Copy the lines verbatim, beginning with the line that contains "580 E Ward Street, Urbana, OH 43078 Photo 2" and continuing through the end of the data, and only those lines.
━━ DATA FOR ANALYSIS
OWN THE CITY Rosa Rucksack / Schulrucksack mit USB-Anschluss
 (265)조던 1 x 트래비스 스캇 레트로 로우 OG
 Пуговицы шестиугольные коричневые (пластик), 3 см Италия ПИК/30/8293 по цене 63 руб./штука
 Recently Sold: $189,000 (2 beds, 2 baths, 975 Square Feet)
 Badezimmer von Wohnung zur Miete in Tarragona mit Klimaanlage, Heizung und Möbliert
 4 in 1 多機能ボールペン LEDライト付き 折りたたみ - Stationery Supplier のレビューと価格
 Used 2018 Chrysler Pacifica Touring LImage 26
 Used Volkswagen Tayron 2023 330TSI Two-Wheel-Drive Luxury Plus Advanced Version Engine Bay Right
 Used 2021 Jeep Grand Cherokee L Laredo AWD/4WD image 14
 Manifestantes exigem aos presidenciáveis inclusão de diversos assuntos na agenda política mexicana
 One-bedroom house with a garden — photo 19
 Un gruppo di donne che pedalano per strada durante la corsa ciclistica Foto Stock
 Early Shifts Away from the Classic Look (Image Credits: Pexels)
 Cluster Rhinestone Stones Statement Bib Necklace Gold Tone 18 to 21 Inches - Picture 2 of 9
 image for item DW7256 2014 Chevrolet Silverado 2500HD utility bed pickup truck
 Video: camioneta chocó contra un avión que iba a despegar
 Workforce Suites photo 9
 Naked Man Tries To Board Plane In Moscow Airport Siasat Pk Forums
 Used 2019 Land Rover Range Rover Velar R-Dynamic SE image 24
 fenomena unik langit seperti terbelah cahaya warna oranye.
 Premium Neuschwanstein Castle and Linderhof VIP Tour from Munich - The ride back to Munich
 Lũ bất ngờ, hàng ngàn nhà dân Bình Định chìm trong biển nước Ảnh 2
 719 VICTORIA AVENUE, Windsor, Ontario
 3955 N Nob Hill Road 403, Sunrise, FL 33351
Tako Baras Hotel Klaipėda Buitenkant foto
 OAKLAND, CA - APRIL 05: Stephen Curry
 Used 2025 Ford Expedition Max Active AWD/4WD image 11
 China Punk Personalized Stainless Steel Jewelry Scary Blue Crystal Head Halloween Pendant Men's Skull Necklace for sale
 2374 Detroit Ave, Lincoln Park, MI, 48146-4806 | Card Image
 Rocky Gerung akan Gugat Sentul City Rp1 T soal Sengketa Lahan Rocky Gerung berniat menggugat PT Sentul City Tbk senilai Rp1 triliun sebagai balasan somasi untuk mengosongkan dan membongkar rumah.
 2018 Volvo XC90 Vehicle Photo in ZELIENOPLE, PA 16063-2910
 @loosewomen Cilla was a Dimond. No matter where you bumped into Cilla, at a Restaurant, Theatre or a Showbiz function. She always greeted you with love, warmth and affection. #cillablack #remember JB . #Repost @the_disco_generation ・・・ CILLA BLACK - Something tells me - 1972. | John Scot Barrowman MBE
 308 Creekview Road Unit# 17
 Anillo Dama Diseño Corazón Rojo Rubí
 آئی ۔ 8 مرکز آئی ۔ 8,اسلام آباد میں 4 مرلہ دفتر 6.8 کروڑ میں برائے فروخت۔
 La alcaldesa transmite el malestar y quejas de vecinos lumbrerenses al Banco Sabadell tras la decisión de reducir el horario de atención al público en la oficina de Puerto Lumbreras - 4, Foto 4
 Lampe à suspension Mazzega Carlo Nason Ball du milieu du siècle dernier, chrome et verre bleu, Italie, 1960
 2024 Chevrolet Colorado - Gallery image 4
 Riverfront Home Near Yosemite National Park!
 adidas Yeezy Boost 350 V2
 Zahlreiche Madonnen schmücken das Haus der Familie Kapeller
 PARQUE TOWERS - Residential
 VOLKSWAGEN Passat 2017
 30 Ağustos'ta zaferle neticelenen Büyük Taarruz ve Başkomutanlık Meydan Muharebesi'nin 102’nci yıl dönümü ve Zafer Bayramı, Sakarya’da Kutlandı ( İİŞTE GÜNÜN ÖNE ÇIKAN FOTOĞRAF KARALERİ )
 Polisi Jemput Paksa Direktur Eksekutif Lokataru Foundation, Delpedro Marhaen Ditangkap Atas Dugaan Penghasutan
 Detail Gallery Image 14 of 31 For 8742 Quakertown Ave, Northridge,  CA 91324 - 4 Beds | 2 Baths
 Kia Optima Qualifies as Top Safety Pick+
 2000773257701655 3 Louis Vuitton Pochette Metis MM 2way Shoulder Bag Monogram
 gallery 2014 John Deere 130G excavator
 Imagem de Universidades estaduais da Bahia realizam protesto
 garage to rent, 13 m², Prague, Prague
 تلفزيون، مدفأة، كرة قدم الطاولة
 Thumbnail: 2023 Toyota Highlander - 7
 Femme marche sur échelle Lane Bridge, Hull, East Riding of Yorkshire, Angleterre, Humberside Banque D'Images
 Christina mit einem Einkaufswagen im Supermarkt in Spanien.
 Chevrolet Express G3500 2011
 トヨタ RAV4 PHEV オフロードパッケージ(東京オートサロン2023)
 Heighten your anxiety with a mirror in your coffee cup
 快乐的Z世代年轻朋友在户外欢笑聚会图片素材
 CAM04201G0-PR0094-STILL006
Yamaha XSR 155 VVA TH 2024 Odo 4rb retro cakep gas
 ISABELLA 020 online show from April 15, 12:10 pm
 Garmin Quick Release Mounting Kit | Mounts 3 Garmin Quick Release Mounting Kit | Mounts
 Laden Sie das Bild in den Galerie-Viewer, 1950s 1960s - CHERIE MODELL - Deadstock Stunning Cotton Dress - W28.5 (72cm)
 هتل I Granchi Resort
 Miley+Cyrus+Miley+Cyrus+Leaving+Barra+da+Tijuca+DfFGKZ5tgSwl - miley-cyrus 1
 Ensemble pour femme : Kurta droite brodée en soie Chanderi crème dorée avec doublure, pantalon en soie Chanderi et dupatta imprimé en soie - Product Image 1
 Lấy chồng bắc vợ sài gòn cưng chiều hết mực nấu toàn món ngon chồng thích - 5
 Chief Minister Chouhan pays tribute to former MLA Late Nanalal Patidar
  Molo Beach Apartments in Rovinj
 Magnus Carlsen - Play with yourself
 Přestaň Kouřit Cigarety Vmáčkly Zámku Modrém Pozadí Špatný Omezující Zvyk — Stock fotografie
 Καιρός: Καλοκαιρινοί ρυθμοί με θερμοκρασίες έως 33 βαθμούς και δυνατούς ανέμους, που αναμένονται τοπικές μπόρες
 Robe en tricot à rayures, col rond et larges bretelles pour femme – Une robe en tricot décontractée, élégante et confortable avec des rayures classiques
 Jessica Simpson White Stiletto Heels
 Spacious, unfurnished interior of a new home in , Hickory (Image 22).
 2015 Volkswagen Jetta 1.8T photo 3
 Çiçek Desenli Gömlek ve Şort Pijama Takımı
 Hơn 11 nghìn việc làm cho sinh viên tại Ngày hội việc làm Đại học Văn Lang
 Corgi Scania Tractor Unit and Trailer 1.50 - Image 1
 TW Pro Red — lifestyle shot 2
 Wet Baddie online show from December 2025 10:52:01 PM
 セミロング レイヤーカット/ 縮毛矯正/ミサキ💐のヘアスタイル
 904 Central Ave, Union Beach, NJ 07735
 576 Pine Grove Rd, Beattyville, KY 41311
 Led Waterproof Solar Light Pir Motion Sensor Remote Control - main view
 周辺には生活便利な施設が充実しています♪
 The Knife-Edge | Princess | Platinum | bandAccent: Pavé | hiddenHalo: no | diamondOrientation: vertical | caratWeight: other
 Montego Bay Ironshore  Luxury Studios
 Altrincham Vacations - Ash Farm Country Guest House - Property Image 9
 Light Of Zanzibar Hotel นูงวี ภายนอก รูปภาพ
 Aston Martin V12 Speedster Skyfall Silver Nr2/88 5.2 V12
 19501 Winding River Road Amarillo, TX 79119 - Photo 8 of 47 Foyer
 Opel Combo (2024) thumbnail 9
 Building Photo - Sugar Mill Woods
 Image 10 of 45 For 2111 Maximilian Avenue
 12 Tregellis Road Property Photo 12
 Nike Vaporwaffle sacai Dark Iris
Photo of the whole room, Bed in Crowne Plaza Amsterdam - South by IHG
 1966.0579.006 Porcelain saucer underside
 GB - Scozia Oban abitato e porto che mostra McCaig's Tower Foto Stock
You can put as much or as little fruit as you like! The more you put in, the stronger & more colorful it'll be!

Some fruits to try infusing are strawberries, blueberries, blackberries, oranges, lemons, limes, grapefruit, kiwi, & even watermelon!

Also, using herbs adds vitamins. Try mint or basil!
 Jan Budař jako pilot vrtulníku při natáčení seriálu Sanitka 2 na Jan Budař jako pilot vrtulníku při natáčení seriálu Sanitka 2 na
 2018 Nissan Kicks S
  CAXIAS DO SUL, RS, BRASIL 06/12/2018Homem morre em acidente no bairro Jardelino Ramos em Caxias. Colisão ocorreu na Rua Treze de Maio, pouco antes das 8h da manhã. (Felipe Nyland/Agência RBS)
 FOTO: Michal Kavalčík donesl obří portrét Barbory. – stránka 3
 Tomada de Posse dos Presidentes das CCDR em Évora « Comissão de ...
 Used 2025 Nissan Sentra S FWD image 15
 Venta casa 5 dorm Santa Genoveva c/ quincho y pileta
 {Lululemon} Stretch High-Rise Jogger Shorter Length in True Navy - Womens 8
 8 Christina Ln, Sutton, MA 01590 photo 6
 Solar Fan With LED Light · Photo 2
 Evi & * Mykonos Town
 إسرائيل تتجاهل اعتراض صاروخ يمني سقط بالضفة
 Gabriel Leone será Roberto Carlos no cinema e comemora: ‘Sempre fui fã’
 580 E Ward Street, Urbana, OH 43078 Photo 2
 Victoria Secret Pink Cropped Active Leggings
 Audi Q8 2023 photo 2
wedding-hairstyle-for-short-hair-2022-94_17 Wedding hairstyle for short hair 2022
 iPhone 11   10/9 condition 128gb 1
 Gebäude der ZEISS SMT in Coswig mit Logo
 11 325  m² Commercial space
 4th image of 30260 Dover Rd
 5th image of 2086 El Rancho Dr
━━━━
THE ANSWER:
 580 E Ward Street, Urbana, OH 43078 Photo 2
 Victoria Secret Pink Cropped Active Leggings
 Audi Q8 2023 photo 2
wedding-hairstyle-for-short-hair-2022-94_17 Wedding hairstyle for short hair 2022
 iPhone 11   10/9 condition 128gb 1
 Gebäude der ZEISS SMT in Coswig mit Logo
 11 325  m² Commercial space
 4th image of 30260 Dover Rd
 5th image of 2086 El Rancho Dr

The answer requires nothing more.